Rabu, 21 Maret 2012

Saad Al-Dzari’ah

A.    Pengertian Saad Al-Dzari’ah
Setiap perbuatan yang secara sadar dilakukan oleh seseorang, pasti mempunyai suatu tujuan yang jelas, tanpa mempersoalkan apakah perbuatan yang dituju itu baik atau buruk, mendatangkan manfaat atau mudarat. Sebelum sampai pada pelaksanaan perbuat yang dituju itu ada serentetan perbuatan yang mendahului yang harus dilaluinya. Umpamanya seseorang akan melakukan pembunuhan, sebelumnya ia melakukan beberapa kegiatan seperti memiliki senjata untuk membunuh dan mencari kesempatan untuk melakukan pembunuhan itu. Membunuh merupakan kegiatan pokok yang dituju, sedangkan perbuatan yang mendahuluinya disebut perantara, wasilah, jalan atau pendahuluan[1].
Sebelum melakukan zina, ada hal yang mendahuluinya, seperti rangsangan yang mendorong berbuat zina dan menyediakan kesempatan untuk melakukan perbuatan zina itu. Dalam hal ini zina disebut perbuatan pokok yang dituju, sedangkan hal-hal yang mendahuluinya disebut wasilah/ perantara/ pendahuluan. 
 
Disini akan dibahas persoalan yang menjadi perbincangan dan pembahasan para ulama yaitu perbuatan perantara (pendahuluan) yang belum mempunyai dasar hukumnya. Perbuatan perantara itu disebut dengan al-dzari’ah (الذرية).
Dzari’ah artinya jalan menuju sesuatu. Dalam ushul fiqh, dzari’ah merupakan salah satu metode ijtihad dengan pembagian:
  1. Saad al-Dzari’ah, yaitu melaksanakan suatu pekerjaan yang semula mengandung kemaslahatan menuju pada suatu kerusakan. Dalam kaitannya dengan pendekatan al-dzari’ah ini, pada hakekatnya semua hal yang mengakibatkan kemudaratan harus dihindarkan.
  2. Fath al-Dzari’ah, yaitu membuka segala sesuatu yang menimbulkan kerusakan atau kemudharatan. Jalan-jalan yang akan melancarkan kemudharatan wajib dihindari.
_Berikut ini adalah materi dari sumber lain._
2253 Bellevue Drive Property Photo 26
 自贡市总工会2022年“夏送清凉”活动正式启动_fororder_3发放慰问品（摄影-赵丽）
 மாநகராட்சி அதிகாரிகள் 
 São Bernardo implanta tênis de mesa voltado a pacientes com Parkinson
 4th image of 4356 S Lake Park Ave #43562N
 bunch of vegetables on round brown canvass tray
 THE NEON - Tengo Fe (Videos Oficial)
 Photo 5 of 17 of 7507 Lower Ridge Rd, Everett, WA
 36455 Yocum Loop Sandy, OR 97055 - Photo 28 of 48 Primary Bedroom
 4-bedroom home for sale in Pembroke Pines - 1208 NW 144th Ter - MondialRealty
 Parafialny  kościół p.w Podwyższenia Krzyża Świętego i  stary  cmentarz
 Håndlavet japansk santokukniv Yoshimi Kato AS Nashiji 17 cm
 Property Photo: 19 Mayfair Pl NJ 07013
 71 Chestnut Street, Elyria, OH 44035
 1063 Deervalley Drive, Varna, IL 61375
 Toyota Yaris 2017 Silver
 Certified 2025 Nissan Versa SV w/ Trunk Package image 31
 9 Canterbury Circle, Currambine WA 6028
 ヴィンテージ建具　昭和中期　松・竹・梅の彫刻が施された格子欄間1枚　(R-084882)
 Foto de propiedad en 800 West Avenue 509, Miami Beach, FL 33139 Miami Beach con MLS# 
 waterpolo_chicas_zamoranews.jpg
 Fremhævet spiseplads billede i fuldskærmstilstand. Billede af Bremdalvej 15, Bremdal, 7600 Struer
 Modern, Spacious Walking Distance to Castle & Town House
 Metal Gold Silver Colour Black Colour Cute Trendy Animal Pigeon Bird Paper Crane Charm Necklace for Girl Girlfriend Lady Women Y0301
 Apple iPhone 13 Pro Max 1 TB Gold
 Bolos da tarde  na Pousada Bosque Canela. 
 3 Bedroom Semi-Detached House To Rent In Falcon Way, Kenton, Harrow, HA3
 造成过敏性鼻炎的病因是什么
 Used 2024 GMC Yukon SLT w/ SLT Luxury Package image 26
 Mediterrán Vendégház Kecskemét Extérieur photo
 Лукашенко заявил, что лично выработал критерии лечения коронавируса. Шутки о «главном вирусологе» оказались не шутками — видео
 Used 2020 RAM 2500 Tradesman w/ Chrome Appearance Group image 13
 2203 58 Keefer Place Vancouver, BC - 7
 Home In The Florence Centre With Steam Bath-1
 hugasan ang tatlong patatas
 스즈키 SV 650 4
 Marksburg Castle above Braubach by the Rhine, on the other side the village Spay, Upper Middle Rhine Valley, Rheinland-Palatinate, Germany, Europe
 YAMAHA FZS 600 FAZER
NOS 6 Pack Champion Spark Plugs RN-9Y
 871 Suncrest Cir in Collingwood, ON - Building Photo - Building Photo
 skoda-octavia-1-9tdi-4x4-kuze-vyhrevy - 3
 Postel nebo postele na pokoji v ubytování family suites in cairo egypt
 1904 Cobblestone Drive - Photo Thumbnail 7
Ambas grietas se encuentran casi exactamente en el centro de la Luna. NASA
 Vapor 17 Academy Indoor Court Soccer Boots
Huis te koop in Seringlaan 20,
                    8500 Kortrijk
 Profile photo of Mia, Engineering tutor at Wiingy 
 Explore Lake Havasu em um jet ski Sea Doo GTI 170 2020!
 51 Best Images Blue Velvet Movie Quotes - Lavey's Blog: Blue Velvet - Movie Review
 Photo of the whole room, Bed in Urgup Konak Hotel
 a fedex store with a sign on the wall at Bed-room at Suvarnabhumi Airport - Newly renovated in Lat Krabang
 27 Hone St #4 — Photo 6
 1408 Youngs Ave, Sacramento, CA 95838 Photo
Seperti wajib meninggalkan segala bentuk perbuatan yang akan menimbulkan perzinaan karena Allah melarang mendekati zina.
 Secara bahasa, kata saad berarti menutup dan al-dzari’ah berarti wasilah atau  jalan kesuatu tujuan. Rumusan al-dzari’ah oleh Ibnu Qayyim adalah
ماكان وسيلة وطريقا الى الشئ                                                                                                           
“apa-apa yang menjadi perantara dan jalan kepada sesuatu”                               . selanjutnya Badran mendefinisikan dzari’ah yaitu
هو الموصلا الى الشيئ الممنوع المشتمل على مفسدة                                                                        
apa yang menyampaikan kepada sesuatu yang terlarang yang mengandung kerusakan”.
Untuk menempatkannya di dalam pembahasan, sesuai yang dituju, kata dzari’ah itu didahului dengan kata saddu (سد) yang artinya menutup. Maksudnya adalah menutup jalannya kerusakan. [2]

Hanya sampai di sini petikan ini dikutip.